Weeping relatives of the victims streamed into a newly opened memorial and placed pictures and flowers beside names etched in bronze. Obama and his predecessor, George W. Bush, bowed their heads and touched the inscriptions.
Obama, standing behind bulletproof glass and before the white oak trees of the memorial, read the Bible passage after a moment of silence at 8:46 a.m. when the first jetliner slammed into the north tower 10 years ago.
The president, quoting Psalm 46, invoked the presence of God as an inspiration to endure. "Therefore, we will not fear, even though the earth be removed, and though the mountains be carried into the midst of the sea."
Obama and Bush were joined by their wives as they walked up to one of the two reflecting pools built over the towers' footprints, part of a Sept. 11 memorial that was opened for relatives of the victims.
The site looked utterly different than it had for any other Sept. 11 anniversary: Along with the names in bronze, two manmade waterfalls flowed directly over the footprints of the towers, surrounded by dozens of white oak trees.
The New York ceremony, which ended with the playing of Taps in the early afternoon, was the centrepiece of a day of remembrance across the country. It was a chance to reflect on a decade that changed American life, including two wars and the overhaul of everyday security at airports and in big cities.
In a tribute at the Pentagon, Vice-President Joe Biden invoked a "9/11 generation of warriors."
"Never before in our history has America asked so much over such a sustained period of an all-volunteer force," he said. "So I can say without fear of contradiction or being accused of exaggeration, the 9/11 generation ranks among the greatest our nation has ever produced, and it was born -- it was born -- it was born right here on 9/11."
Defence Secretary Leon Panetta observed a moment of silence at 9:37 a.m., marking the time a jet struck the centre of the U.S. military. He paid tribute to 6,200 members of the U.S. military who have died in the Iraq and Afghan wars.
In Shanksville, Penn., a choir sang at the Flight 93 National Memorial, and a crowd of 5,000 listened to a reading of the names of 40 passengers and crew killed aboard the plane a decade ago.
In New York, family members were reading the names of 2,983 victims -- 2,977 killed in New York, Washington and Pennsylvania on Sept. 11, 2001, and six killed in the first terror attack on the trade centre, a truck bomb in 1993.

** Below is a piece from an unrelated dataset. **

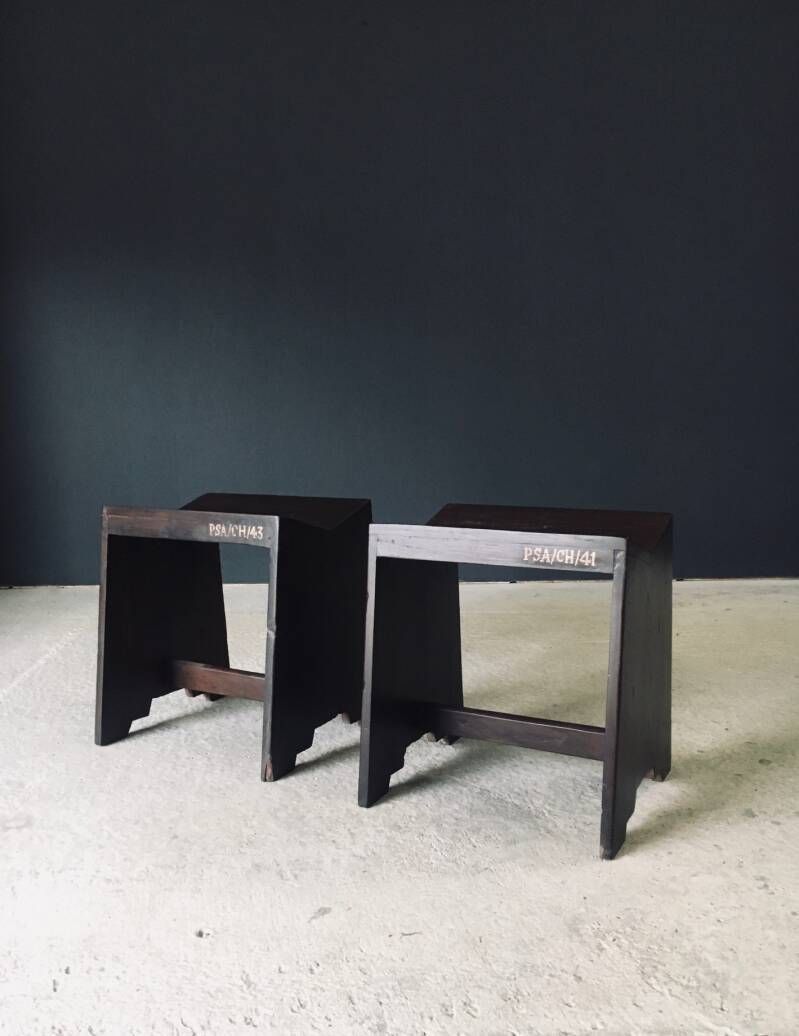 Modernistisch Design Pj Si 68 A Naaikkrukkenset Door Pierre Jeanneret Voor Chandigarh, Jaren 1950, India photo Meubels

"You will always be my hero," Patricia Smith, 12, said of her mother.
Bush quoted a letter from President Abraham Lincoln to a mother who lost all five of her sons in the Civil War.
"I pray that our heavenly father may assuage the anguish of your bereavement," Bush said.
Sumika Tanaka came with her mother from Tokyo to find the name of her husband, who was working for a Japanese bank in the south tower when he was killed.
"It's not going to disappear," said Tanaka, 30. "It will be here 10 years from now. And that's what is important to me."
Some family members held children on their backs who were not yet born when the towers were attacked.
New York Mayor Michael Bloomberg, opening the ceremony of remembrance, said: "Although we can never un-see what happened here, we can also see that children who lost their parents have grown into young adults... Good works have taken root in public service."
As the sun rose, an American flag fluttered over six stories of the rising 1 World Trade Center. The sky was clear blue with scattered white clouds and a light breeze, not unlike the Tuesday morning 10 years ago.
The anniversary arrived with security officials in New York and Washington on alert.